What is expected: These records contain pictures, which must be left out; copy exactly the lines from the one with "-青梅酒肆PLUS(长白仙岛北路店)" up to and including the one with "Imagem: Casa à".

:: Records provided ::

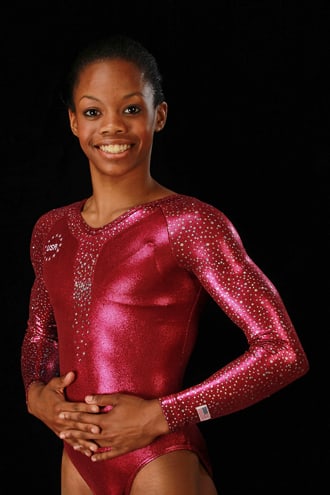 Gabrielle Douglas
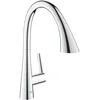 Image de Grohe Zedra Chrome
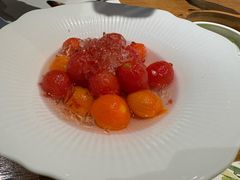 -青梅酒肆PLUS(长白仙岛北路店)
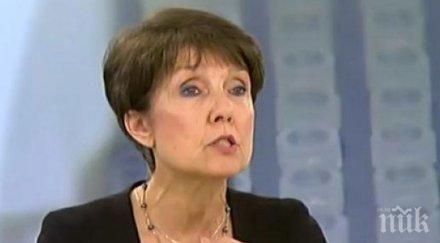 пулмологът софия ангелова водещ симптом леко преминаване коронавируса високата температура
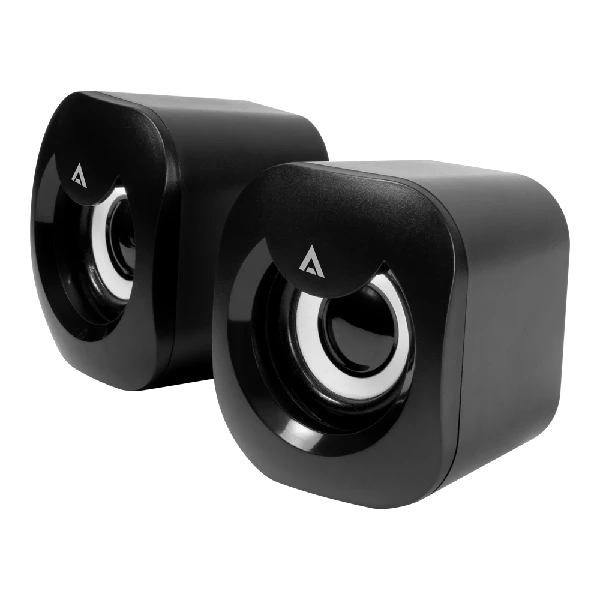 Bocinas Alámbricas 3.5 mm Esence Basic AS215 Essential Series BOCACT350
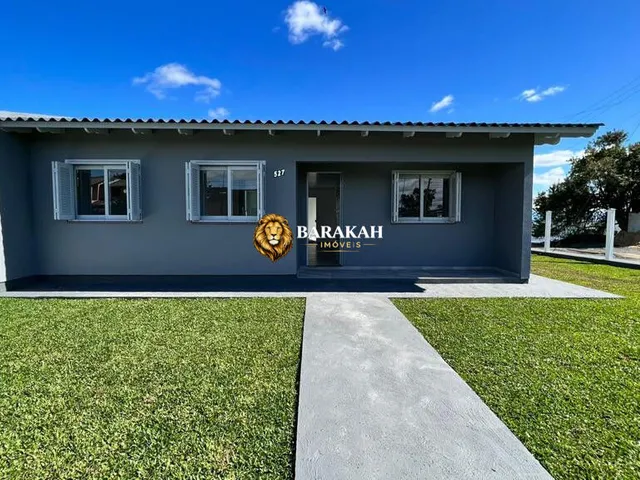 Imagem: Casa à venda no bairro Centro - Tramandaí/RS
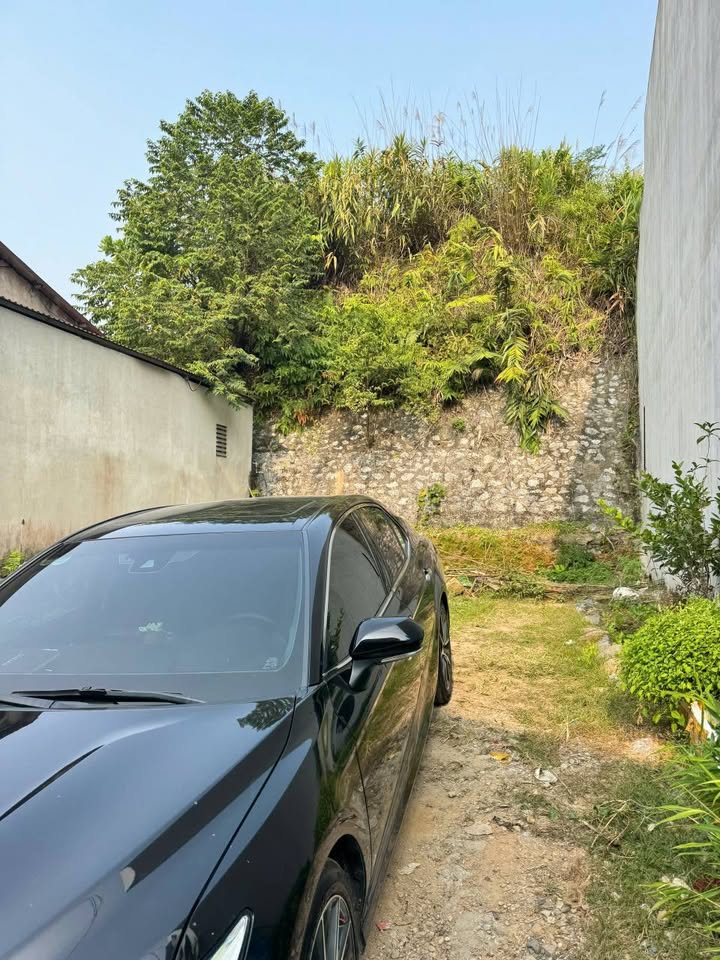 Đất nền đẹp Trần Quốc Toản, Yên Bái 90m² giá 1 tỷ - Vị trí trung tâm, tiện lợi!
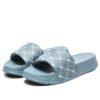 Chanclas Fusion COMO «Teal Whire»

:::

Answer to this task:
 -青梅酒肆PLUS(长白仙岛北路店)
 пулмологът софия ангелова водещ симптом леко преминаване коронавируса високата температура
 Bocinas Alámbricas 3.5 mm Esence Basic AS215 Essential Series BOCACT350
 Imagem: Casa à venda no bairro Centro - Tramandaí/RS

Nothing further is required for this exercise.